Nick Fitzgerald has already highlighted in his Rust wasm post the need for the working group to contribute to libraries and tooling that are higher up in the stack. The idea of building these in a modular way that will allow others in the community to put the components together in a different way is very exciting to me. This hopefully will make the ecosystem as a whole much stronger.

In particular I’d love to see a modular effort towards implementing a virtual DOM library with JSX like syntax. There have been several efforts on this front but all have seemed relatively monolithic and “batteries included”. I hope this will change in 2019. Which brings me to my next point…

Community Collaboration

Together with these newer higher level components and the already existing lower level components like wasm-bindgen, I hope the wider Rust wasm community and the working group actively engage with each other to make sure that these components are built out in the right way and that they’re integrated into existing libraries and frameworks (e.g., Percy and stdweb).

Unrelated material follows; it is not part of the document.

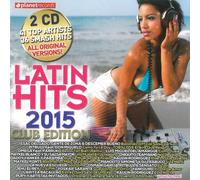 Various Artists Latin Hits 2015 -Spec- (CD)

For instance, the promising typed-html crate and Percy both have implementations of virtual DOM types that make writing libraries that work with both pretty difficult. Having a base crate that just implements the types needed for building virtual DOM libraries would bring a lot of value to the ecosystem. But such a feat would require collaboration between those actively working in the WG and those who are not.

Real World Use

This one is hard to make happen since it’s largely out of the hands of the Rust community, but figuring out ways to make wasm (through Rust) actually used in the existing JavaScript community is critical for success. Rust has the advantage over all other languages - it’s lightweight and easily interoporable unlike C#’s and Go’s wasm implementations and it’s something that JavaScript developers are likely to gravate too (due to its modern package manager and language features) unlike C/C++’s implementations.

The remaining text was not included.